Sayangnya, saat puncak kemarau ini, seringkali armada tangki terkendala debit air PDAM yang menyusut. Hal ini berdampak pada durasi pengisian tangki yang bertambah lama.

Akibatnya, waktu yang dibutuhakan untuk pengiriman air bersih ke satu titik lebih panjang dari biasanya. Sebab itu, pengiriman pun mesti digilir menggunakan enam armada yang dioperasikan.

"Persoalan yang timbul itu dengan air PDAM itu kan debitnya mengecil. Sehingga waktunya lebih lama untuk mengisi tangki," kata dia, menjelaskan krisis air bersih di Kebumen, Rabu malam, 3 Oktober 2018.

 

Kualitas Air Turun

Warga embuat sumur darurat di pinggir sungai akibat cekaman kemarau panjang. (Foto: Liputan6.com/Muhamad Ridlo)
Warga embuat sumur darurat di pinggir sungai akibat cekaman kemarau panjang. (Foto: Liputan6.com/Muhamad Ridlo)

Selain berkurangnya debit, rupanya kemarau panjang juga berdampak pada turunnya kualitas air bersih PDAM. BPBD mendapat keluhan masyarakat bahwa air yang terdistribusi berwarna kehitaman, lantaran banyaknya sedimentasi yang terkandung dalam air.

"Dan kemarin-kemarin ada keluhan sedikit, airnya agak hitam. Istilahnya itu, endapannya itu banyak terbawa," Eko menerangkan.

Mendapat keluhan itu, BPBD telah berkoordinasi dengan PDAM untuk secepatnya menanggulangi penurunan kualitas air ini. Dengan begitu, warga tak lagi mendapatkan bantuan air keruh.

Dia mengemukakan, pada tahun 2018 ini, BPBD Kebumen menganggarkan Rp 350 juta untuk bantuan air bersih, atau setara dengan sekitar 1.400 tangki air bersih.

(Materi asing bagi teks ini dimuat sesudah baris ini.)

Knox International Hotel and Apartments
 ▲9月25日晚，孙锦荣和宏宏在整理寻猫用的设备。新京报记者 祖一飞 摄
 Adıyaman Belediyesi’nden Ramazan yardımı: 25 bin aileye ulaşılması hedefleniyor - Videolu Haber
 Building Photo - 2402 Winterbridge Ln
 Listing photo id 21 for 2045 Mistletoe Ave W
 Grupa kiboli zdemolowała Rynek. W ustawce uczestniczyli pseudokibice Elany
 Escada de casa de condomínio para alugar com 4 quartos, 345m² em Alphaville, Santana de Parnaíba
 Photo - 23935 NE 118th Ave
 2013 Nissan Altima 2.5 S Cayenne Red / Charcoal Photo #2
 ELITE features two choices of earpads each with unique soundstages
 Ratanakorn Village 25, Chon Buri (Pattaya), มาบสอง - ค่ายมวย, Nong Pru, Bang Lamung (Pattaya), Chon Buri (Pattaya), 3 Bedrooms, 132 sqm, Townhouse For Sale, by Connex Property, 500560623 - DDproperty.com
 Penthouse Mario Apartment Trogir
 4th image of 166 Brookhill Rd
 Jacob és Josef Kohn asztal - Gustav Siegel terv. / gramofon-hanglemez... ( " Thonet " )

Diperkirakan bantuan yang tersedia ini akan cukup hingga awal musim penghujan yang diperkirakan turun pada akhir Oktober atau awal November 2018 nanti.

Di luar itu, ada pula bantuan dari instansi atau lembaga lainnya, seperti PMI, Polri dan perusahaan daerah dan swasta. Ada pula organisasi profesi yang turut membantu pengadaan air bersih.

Agar distribusi merata, BPBD Kebumen membagi sumber air baku di beberapa titik, sesuai dengan lokasinya. Yakni Sempor, Aliyan Krakal, dan Kutowinangun.

Adapun untuk Kebumen wilayah barat, BPBD mengambil air bersih dari sumur dalam di Logending Kecamatan Ayah.

Eko menambahkan, mayoritas daerah yang mengalami krisis air bersih berada di pegunungan. Daerah dataran rendah relatif lebih resisten pada musim kemarau.

Menurut dia, hal ini sangat terkait dengan alih fungsi hutan, yang tadinya hutan lindung menjadi hutan produksi. Kebanyakan ditanami pinus.

"Pinus itu kan memang tidak bisa menyimpan air," dia mengungkapkan.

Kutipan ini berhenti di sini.